There are several things we understand from all this. First, inferred latent causes are largely unobservable ones that have observable effects and allow us to better understand the dynamic nature of the world we live in. As such, they contribute to the overall narrative structures we apply in order to help make sense of the observable reality.
Ravi S. Kudesia, who is an Assistant Professor of Human Resource Management at the Fox School of Business, Temple University, describes the impact of this at an organizational level like this:
This perspective calls attention to how members of organizations reach understandings of their environment through verbal and embodied behaviors, how these understandings both enable and constrain their subsequent behavior, and how this subsequent behavior changes the environment in ways that necessitate new understandings.
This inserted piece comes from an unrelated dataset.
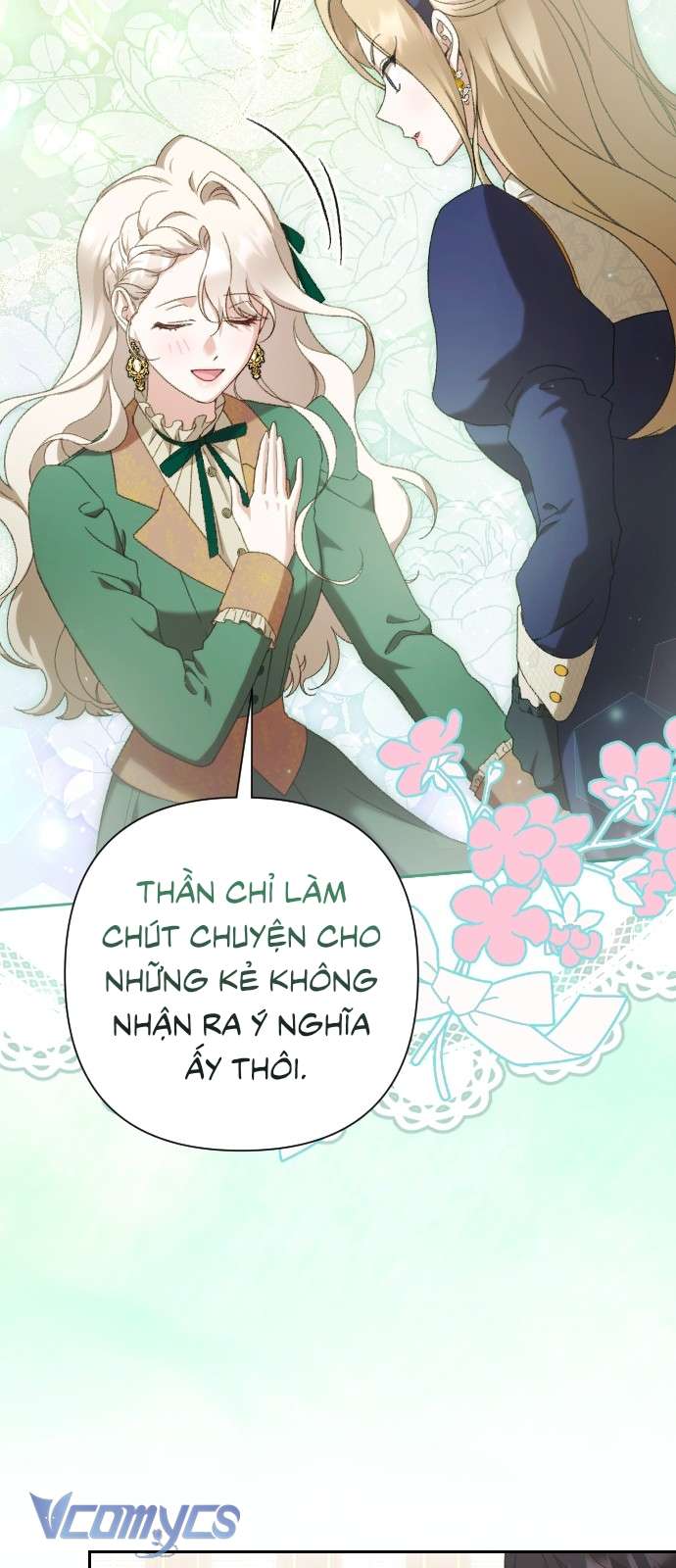 Dành Cho Những Ai Coi Hối Tiếc Là Điều Xa Xỉ Chap 36 - Trang 4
What he is saying is that we employ narrative not just in our personal and ongoing efforts of identity curation but also at an organizational level in order to establish motivation, rationale and a course of action for a business.
In creating fresh, ontologies, structured data in other words, from observable data we should do four distinct things:
- Establish a state representation (i.e. functional mental model) of the world through interaction with the environment.
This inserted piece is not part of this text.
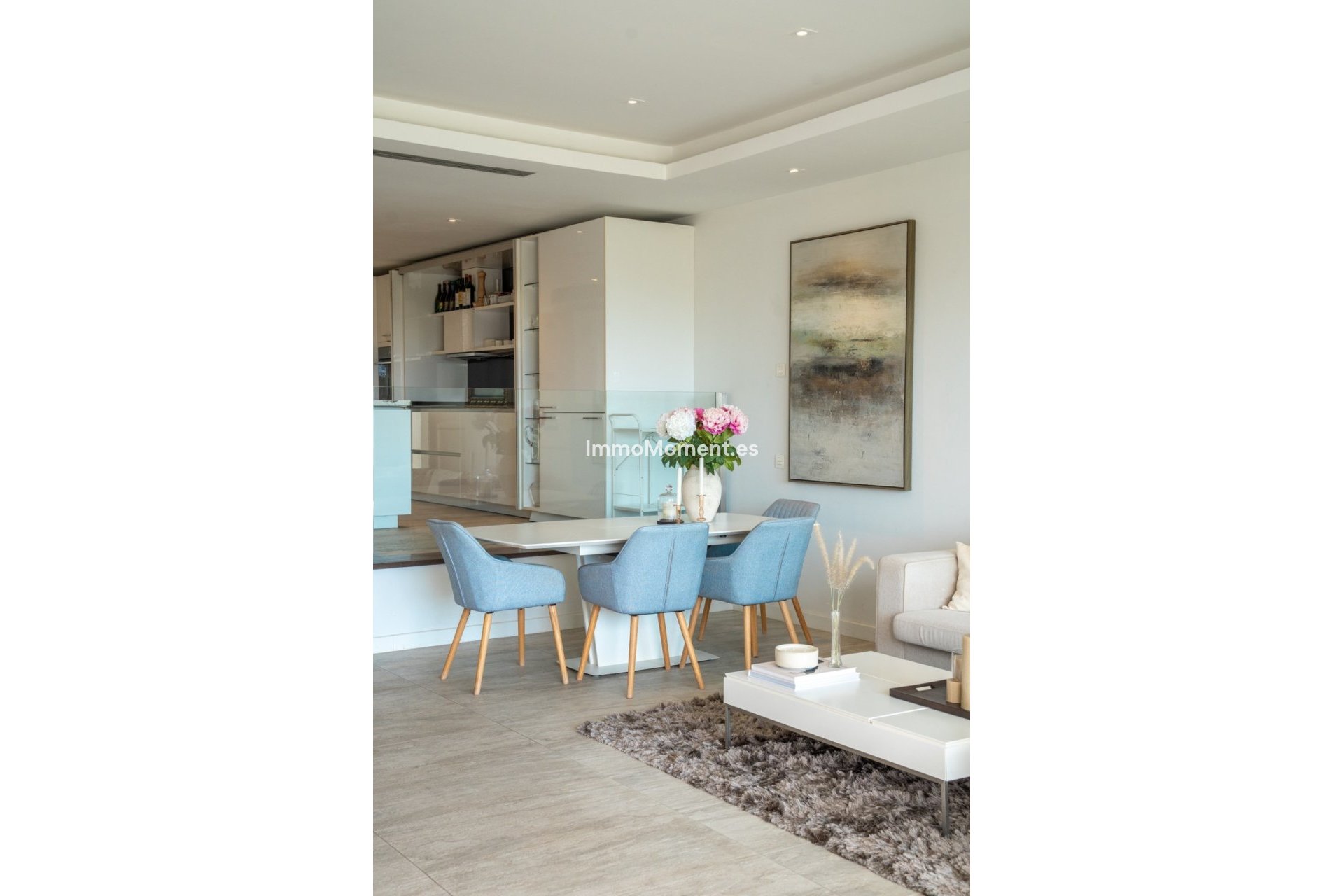 Wiederverkauf - Reihenhaus - Marbella - Sierra Blanca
- Group experiences (and observations) according to perceived causes.
- Make generalizations based on observable effects in order to begin to know what we cannot see (i.e. latent causes). As an aside to this, Democritus, with his knowledge of mathematics, used exactly this cognitive and neural approach to posit the existence of atoms over 2,200 years ago.
- Cluster latent causes according to their inferred similarity and determined by the brain using a Bayesian probabilistic calculation not dissimilar to that employed by machine learning algorithms that determine the likelihood of a particular event based on prior knowledge of conditions that lead to it.
Practical applications of latent causes are found in online and offline communities where the broken windows syndrome is in effect, predictive policing in many communities across the world, and Amazon’s anticipatory shipping model which, according to its patent, ships “the package to the destination geographical area without completely specifying the delivery address at time of shipment, and while the package is in transit, completely specifying the delivery address for the package.”
Observable effects often have unobservable causes (i.e. latent causes). We can infer latent causes by creating structured clusters of similar effects and looking at the commonalities that emerge. These commonalities further our understanding of how the world works and how we can then affect it.